(Clearwisdom.net) I began Fa practice in the winter of 1997. I managed to get through the past six years relying on Master's care and with a firm belief in Master and Dafa. I do not have heroic deeds to report, but I used Dafa as a standard to measure myself all the time and used the principles of Truthfulness-Compassion-Forbearance to guide my cultivation to be a good man and to improve myself.

Giving up human emotions

Since I began Fa study I have physically and mentally changed a great deal. My daughter also followed me and learned Falun Gong. She was quite diligent, recited Zhuan Falun four or five times, and also transcribed it once. All her illnesses disappeared, and her body and mind benefited enormously. On July 20, 1999, Jiang's group started to persecute Dafa disciples. Even though she was pregnant, she went to Beijing to petition for justice for Dafa. Police discovered her on her return when she handed out truth clarification materials. They arrested and took her to a local police station, detained her in a brainwashing center, and finally tortured her to death.

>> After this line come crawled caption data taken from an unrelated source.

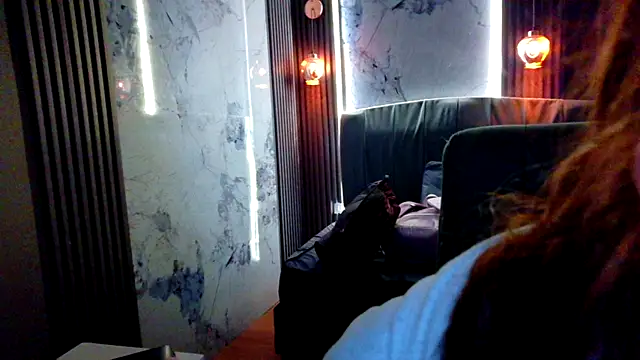  jeessy online show from November 25, 2025, 4:01 am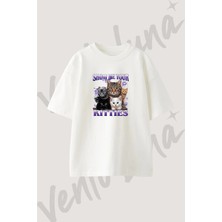 Yavru Kediler Tasarım Baskılı Unisex Oversize Kalıp Beyaz Tshirt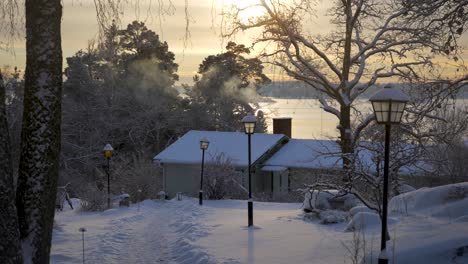 Nevado-Con-Casa-Y-Chimenea-En-Diciembre,-Navidad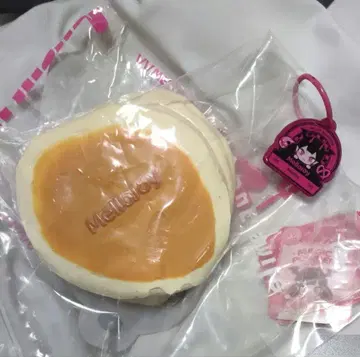 Mellboy 팬케이크 얼룩 있음.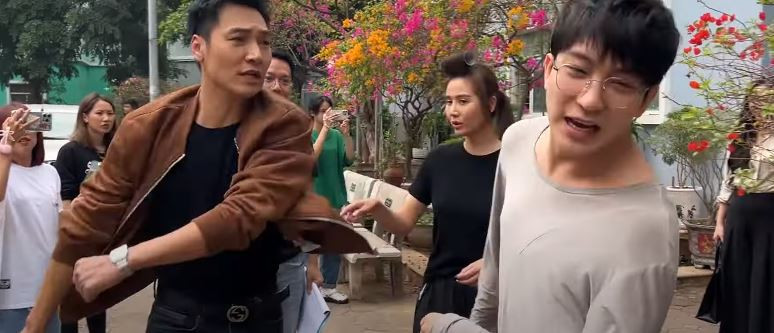 Lâm cho Tùng một cú đấm khá mạnh. Ảnh: CMH. Lâm cho Tùng một cú đấm khá mạnh. Ảnh: CMH.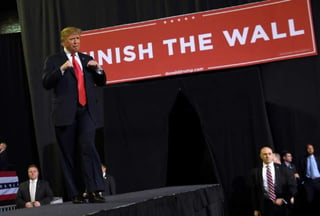 El señalamiento de Trump fue en respuesta a los pedidos de 'construye el muro', hechos por sus simpatizantes durante su primer mitin de campaña este año en el Coliseo de esta ciudad fronteriza con México. (ARCHIVO)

I immersed myself in serious Fa study. Fortified with Master's support and Dafa's power, I turned my grief over my daughter's death by torture into the driving force for disclosing the evil's persecution. But in daily life, when I saw other people's daughters returning to their parents' homes, I was automatically reminded of my own daughter. As the human emotions returned I became quite grieved. The feeling was like "Days wear on like years." But as I thought of it from a more profound standpoint I understood that the evil took her life away because she wanted to validate the Fa. Whatever happened, she would have reached Consummation. I should be proud of her. Comparing this to Dafa, I swiftly got rid of the sentiment.

My daughter's death left me with her 13-month-old child. I also have another grandson in my home. Once, because of a tiny matter, my son-in-law sent his child to kindergarten. That night Master hinted to me in my dream that I should raise the baby. He is Dafa disciple's child. I therefore determined to bring the baby up, teach him to study the Fa, and practice the exercises. During the ensuing four years we established an extremely strong relationship between grandparent and grandchild.

In the spring of 2005 a fellow practitioner told me that if I was really having difficulty raising the child by myself, the Dafa disciples could take care of him together and send him to study abroad. When I heard that I felt uneasy. It seemed like a weight on my mind. My status was not correct. After communicating with fellow practitioners I relaxed much more. But I still could not see through it. Some time later, when the other two practitioners again mentioned this issue, I felt like the weight had been removed from my mind and I was even less emotional. But my husband disagreed with sending the child abroad. He said, "Once my grandson leaves, what will I do? It would kill me.

Master said:

"If you are free from this sentimentality, nobody can affect you. An everyday person's mind will be unable to sway you. What takes over in its place is benevolence, which is something more noble."(Zhuan Falun)

After learning this section, I completely got rid of this emotion and felt relaxed and happy from the bottom of my heart. As I made a progress, my husband did not object to this possibility anymore. During the past several years' cultivation, I have trusted Master and the Fa. When I fell, I struggled back on my feet to follow Master until today.

Pay attention to sending forth righteous thoughts; eliminate the dark minions

I believe in Master and believe in Dafa so much. I know that each word Master has said must be right. When Master initially asked Dafa disciples to send forth righteous thoughts, I sincerely did it. Once one of my neighbor's children did not behave well toward Dafa. When he saw a Dafa poster pasted on a telephone pole, he would tear it off. He even wrote a bad word on the telephone poles to slander Dafa and Master. I told him, "Don't do that! What you did was not good for you." But no matter what I told him, he did not listen, so I kept on sending forth righteous thoughts to eliminate the evil factors which manipulated him. After sending forth righteous thoughts he never does that any more. This time I experienced the power of righteous thoughts.

After I lost my daughter, my husband watched me very closely. He was afraid that something bad would happen to me. Even when I sent forth righteous thoughts he would oppose me. After I shared this problem with other practitioners, we realized that we should use righteous thoughts to eliminate the evil behind him. When I sent forth righteous thoughts to him, as expected he did not interfere with me any more. Once again I witnessed the power of righteous thoughts. When I could not come to my senses right away when a problem emerged and when I realized that I had many attachments and was annoyed by them, I studied the Fa.

Master's poem "A Will That Ebbs Not" always encourages me and gives me power.

"Surpassing time and space,
Fa-rectification dashes forward
Massive is the challenge,
but your will is firm
Unbridled are the wicked,
yet you keep your bearings
Purging evil as if but whisking dust away

My disciples,
walk straight the path of Dafa
May your radiance grace the human world,
as you transcend the Three Realms
Disciples of Fa,
be diligent, with a will that ebbs not
The countless years of hardship were all for this time"

Let us encourage each other in our endeavors. The closer to the end, the more diligent we should be.